Par la suite, j'ai monté un autoradio pour mon cousin, qui marchais en bluetooth avec son iphone, qui permettais d'utiliser Siri, mais qui avait tout de même un lecteur CD, il l'avais payé 100e à peu près.

Il faut regarder sur internet, les prix sont bien moins élevés, quid du montage par la suite (sur une voiture après 1993 c'est simplifié, par les prises ISO, et des adaptateurs existent si la norme ISO n'est pas respecté, une quinzaine d'euros chez Norauto ou autre.

Pour infos, il existe aussi les Parrot (http://www.parrot.com/fr/produits/tous-les-produits) qui apparemment marchent très bien, avec un écran dessus, etc, mais beaucoup plus cher aussi.


----------



## pepeye66 (11 Août 2013)

Va voir ce qu'en dit Google:
http://www.google.fr/#bav=on.2,or.r_qf.&fp=16d7f45235bbebc3&q=autoradio+compatible+iphone


----------



## thefutureismylife (11 Août 2013)

J'ai déjà fais le tour sur Google, masi ej cherche pas forcément un produit que google va me pondre directement. Je cherche juste des retours d'utilisations. Je reviens d'ailleurs sur ma requête je cherche simplement un autoradio avec prise USB compatible iPhone et Android avec micro. 

Celui-ci me semble bien : http://www.cdiscount.com/auto/car-a...108-pionmvh350bt.html#tabtechnicaldescription

Mais alors si vous avez plus sobre au niveau du design je prends. Limite le design le plus simpliste me conviendrait parfaitement.


----------



## Tuncurry (11 Août 2013)

thefutureismylife a dit:


> Mais alors si vous avez plus sobre au niveau du design je prends. Limite le design le plus simpliste me conviendrait parfaitement.



Airplay sur un autoradio nécessite encore un équipement externe plus ou moins volumineux et pas pratique. Le bluetooth 4.0 est suffisamment bon en voiture me semble t'il pour pallier l'absence d'Airplay. La connexion filaire semble cependant la meilleure option d'autant qu'en voiture, on peut recharger facilement son iphone.
J'ai installé un Parrot Asteroid pour ma part et je n'ai pas eu trop d'emmerdes. Il est très orienté iPhone et plutôt bien foutu quand il marche. J'ai l'impression que les gros problèmes du débuts sont un peu passés et depuis la version 2.0, le soft a l'air très stable (avec un magasin d'apps Android), donc c'est ce que je conseillerai aujourd'hui.
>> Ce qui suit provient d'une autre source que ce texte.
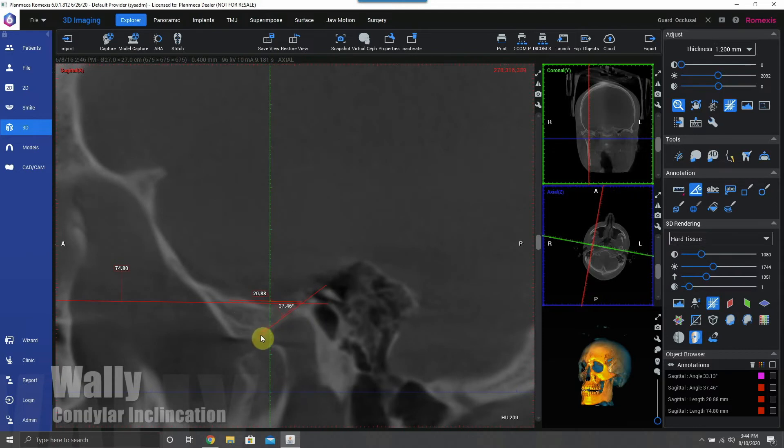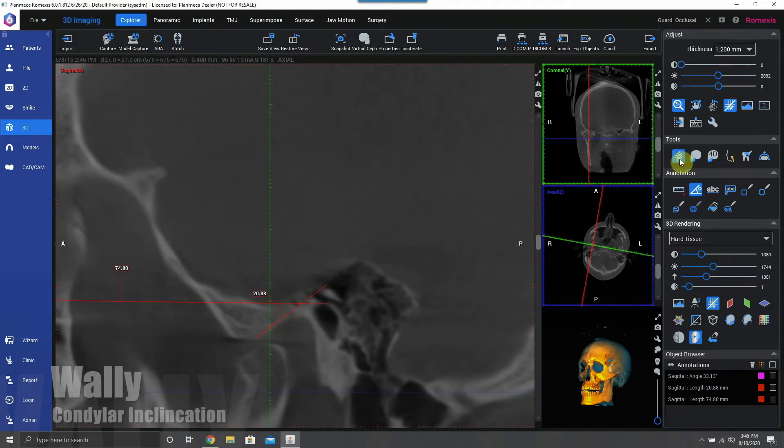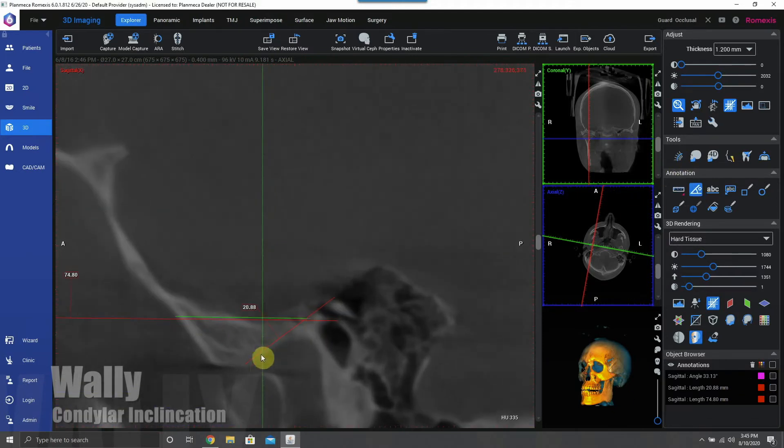So here we go, measured right here — 34 degrees.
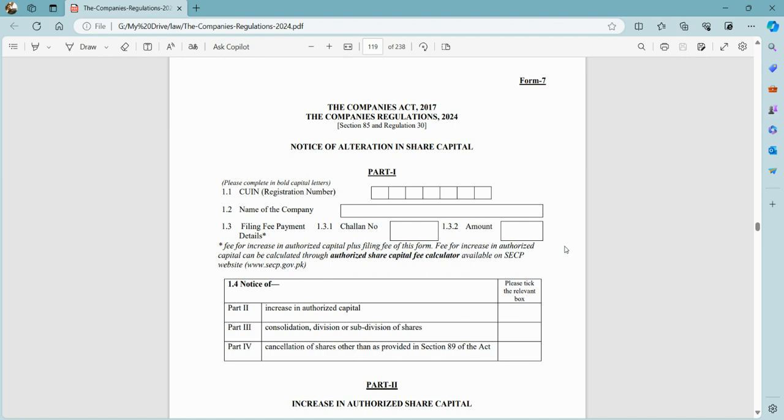This is Part 1, which we discussed in previous videos. This is just for information. The system will automatically pick this up. This is Part 2, Part 3, and Part 4. It is not necessary that we do all of these things at one time.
J'ai essayé les Pioneer et je les trouve très moyens en terme de sons. Je leur préfère les Alpine à tous les niveaux (Look, son, possibilités) d'autant que le prix est à peu près similaire. Voilà.


----------



## Gwen (11 Août 2013)

Perso, j'ai opté pour un autoradio à 30&#8364;. pas de CD, pas de cassette. Juste une prise Jack pour brancher mes appareils facilement.

Seuls soucis, le blindage. Quand je recharge mon iPhone en même temps que je joue de la musique, j'ai un léger grésillement aigu.


----------



## nachpa (17 Février 2014)

Ya pas des autoradio qui font que radio et bluetooth ou airplay ? J'ai pas envie de foutre trop de sous juste pour une poste auto...


----------



## pslauver (3 Décembre 2014)

Salut,

Je viens d'acheter le pioneer MVH-X560 BT et c'est une tuerie.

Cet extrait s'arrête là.